Putin’in Erdoğan’a hediyesi: Suriye-Türkiye normalleşmesi

Vladimir Putin ve Recep Tayyip Erdoğan’ın arşiv fotoğrafı (EPA)
Vladimir Putin ve Recep Tayyip Erdoğan’ın arşiv fotoğrafı (EPA)
TT

Putin’in Erdoğan’a hediyesi: Suriye-Türkiye normalleşmesi

Vladimir Putin ve Recep Tayyip Erdoğan’ın arşiv fotoğrafı (EPA)
Vladimir Putin ve Recep Tayyip Erdoğan’ın arşiv fotoğrafı (EPA)

Geçtiğimiz Çarşamba günü Moskova’da Rusya’nın himayesinde düzenlenen Suriye-Türkiye askeri ve güvenlik toplantısı, bir yandan Şam ve Ankara arasındaki ilişkilerde yakınlaşmanın, diğer yandan da ek adımların başlangıcı sayılıyor. Bu adımlar, Rusya Devlet Başkanı Vladimir Putin’in Cumhurbaşkanı Recep Tayyip Erdoğan’a gelecek yılın ortalarında yapılması planlanan seçimler öncesinde Devlet Başkanı Beşşar Esed’i de içeren bir toplantı düzenleme ‘hediyesiyle’ taçlandı. Ancak iki taraf arasındaki normalleşme bir gösteriş mi yoksa ciddi bir adım mı?

Arka plan sahneleri
2011 yazında Suriye protestolarının patlak vermesinden birkaç ay sonra Ankara ile Şam arasındaki ilişkiler alt üst oldu. Türkiye, Şam’a karşı muhalefeti desteklemek için bir geçit ve üs haline geldi. Özellikle Suriye’nin kuzeyi ise Ankara’ya karşı Kürt Halk Koruma Birlikleri’ne (YPG) şiddet, kaos, bölünme ve destek konusunda bir arenaya dönüştü.
2015 sonunda Rusya’nın müdahalesi, Rusya’nın Türkiye’ye komşu olması ve Ankara’nın NATO’nun desteğinin sınırlarını keşfetmesi sonrasında Ankara- Moskova işbirliği, Suriye’de yeni gerçeklikleri dayatmanın ana başlığı haline geldi. Bir yıl sonra Türkiye’nin önceliği, güney sınırlarında bir Kürt varlığını engellemek oldu.
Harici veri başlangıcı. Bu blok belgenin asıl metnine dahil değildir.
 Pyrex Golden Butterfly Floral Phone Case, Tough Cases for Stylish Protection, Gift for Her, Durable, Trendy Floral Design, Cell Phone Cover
Böylece Türkiye, Rusya ile herhangi bir Kürt varlığının kemiklerini kırmak amacıyla anlaşmalar yaptı ve alanı 20 bin kilometre kareyi (Lübnan’ın iki katı) aşan kontrol bölgeleri kurdu.
2017’de Rusya, İran ve Türkiye arasında Astana sürecinin başlatılmasına ve Ankara ile Moskova arasındaki işbirliğinin gelişmesine paralel olarak Devlet Başkanı Putin, Esed ile Erdoğan arasında bir yakınlaşma için baskı yaptı. Moskova, Suriye Ulusal Güvenlik Bürosu Başkanı Tümgeneral Ali Memlük ile Türkiye Milli İstihbarat Başkanı Hakan Fidan arasında aleni bir toplantıya ev sahipliği yapmayı başardı.
Memlük, Türkiye’nin geri çekilmesini ve Halep- Lazkiye yolunun açılmasını, Fidan ise YPG’ye karşı derin işbirliği yapılmasını talep etti. Putin, iki yetkiliyi bir araya getirmeyi başardı, ama büyük bir atılımı dayatmayı başaramadı.

Yeni girişim
Erdoğan’ın birçok kez ‘Suriye’nin kuzeyinde askeri operasyon ve saldırı başlatma’ imaları, gelecek yılın ortasındaki Türkiye seçimlerinin yaklaşması, Türk muhalefetinin Suriyeli mültecilere karşı artan talepleri, Türk- Rus işbirliğinin Ukrayna savaşından sonra derinleşmesiyle birlikte Putin, yaz öncesinde Erdoğan ve Esed ile görüşmek için bir dizi adım atarak zemini hazırlamaya ağırlık verdi.
İlk adım, Temmuz ayında Moskova’da Memlük ve Fidan arasında, iki tarafın da taleplerini sunduğu gizli bir görüşmeydi. Suriye listesi; Suriye’nin egemenliğine saygı, Türkiye’nin geri çekilmesi için bir takvim, muhalif gruplara desteğin durdurulması, Halep- Lazkiye ve Bab el-Hava- İdlib yolunun ve uzantılarının açılması, Batı yaptırımlarına karşı önlemler, Suriye’de yeniden yapılanmaya destek konularını içerdi. Türkiye’nin listesi ise; YPG ve PKK’ya karşı işbirliği, 32 kilometre derinlikte terör örgütlerinden yoksun bir güvenli bölge kurulması, 2 milyon kişinin geri dönüşü için mültecilere özel güvenli bölgeler, Anayasa Komitesi çalışmalarında işbirliği ve 2254 sayılı BM kararı uyarınca siyasi bir çözüm konularını içerdi.
Aradaki boşluk o kadar büyüktü ki toplantı, bir gelişme yaşanmadan sona erdi.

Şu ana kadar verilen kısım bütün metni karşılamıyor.